Managing time in today's relational databases is difficult. With more than 50 years of combined experience in data and database management, we have encountered no database model more complex for its size than the model we will propose, no queries fraught with more possibilities for misstatement and misinterpretation than queries against databases that attempt to manage time. But we know of no simpler way to meet business requirements for real-time access to what we will call "versioned history."
However, very little support for time management has yet been provided by DBMS vendors or is specified in the current SQL standards. The complexity of time management cannot be hidden, as it ultimately must be, inside the DBMS itself, with declarative interfaces provided in extensions to the SQL DDL and DML languages.
But businesses need robust and reliable time management in their databases now, not eventually. So we take a do-it-yourself approach.
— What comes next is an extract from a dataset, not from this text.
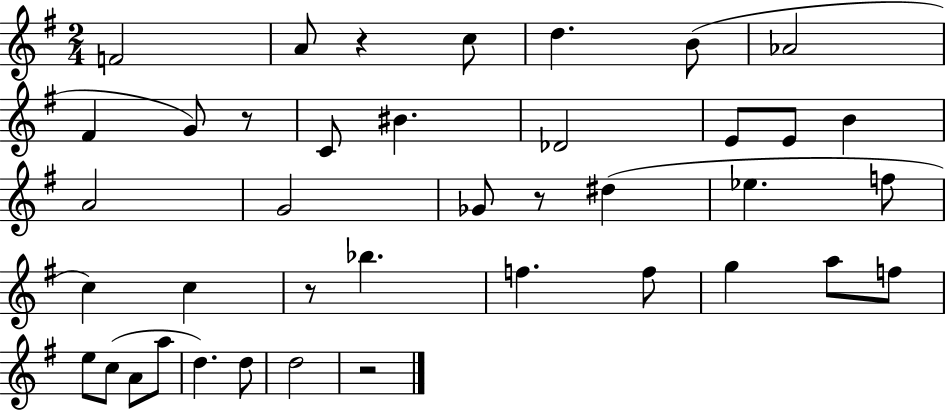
F4/h A4/e R/q C5/e D5/q. B4/e Ab4/h F#4/q G4/e R/e C4/e BIS4/q. Db4/h E4/e E4/e B4/q A4/h G4/h Gb4/e R/e D#5/q Eb5/q. F5/e C5/q C5/q R/e Bb5/q. F5/q. F5/e G5/q A5/e F5/e E5/e C5/e A4/e A5/e D5/q. D5/e D5/h R/h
And the first thing we must do ourselves is find a way to encapsulate both time management data structures and the additional complexities in SQL statements that are required for time management data access.
As for updating temporal data structures, all updates should be mediated by application program interfaces (APIs). If an operational data store (ODS) or data warehouse is the database being updated, the API function will be provided by the extract, transform and load (ETL) process, whether hand coded or implemented with a commercial ETL tool.
For retrievals against temporal data structures, all queries should access a set of view tables from which as much of the technical detail of managing time will have been removed as possible. These tables will satisfy the following two requirements:
- When point-in-time data is wanted, these view tables will look, column for column, like tables that are not temporally managed, i.e., like "typical" or "normal" tables in a database.
- When that desired point in time is now, these view tables will guarantee that existing retrievals will remain completely unaffected as time management is added to the tables they access.
We should think of these temporal tables as no more accessible to the end user, DBA or developer than are the dynamic balanced-tree access method structures that provide the file storage subsystem for many commercial DBMSs. The only database users able to directly manipulate these temporal tables should be:
- The developers who translate source system or end-user-supplied update transactions into updates to these temporal tables, and
- The developers who write the CREATE VIEW statements that encapsulate these tables for retrieval transactions.
Figure 1 illustrates the encapsulation necessary to hide the complexities of temporal database structures from both those who update those structures and those who retrieve data from them.
Figure 1: Encapsulating Temporal Tables
When we IT professionals talk about history in databases, we may have several different things in mind. A taxonomy of the types of history that IT data management professionals talk about is presented in Figure 2.
Figure 2: A Taxonomy of History as Managed in RDBMSs
Database history is historical data kept in relational database tables. The two major categories of historical data are reconstructable history and queryable history.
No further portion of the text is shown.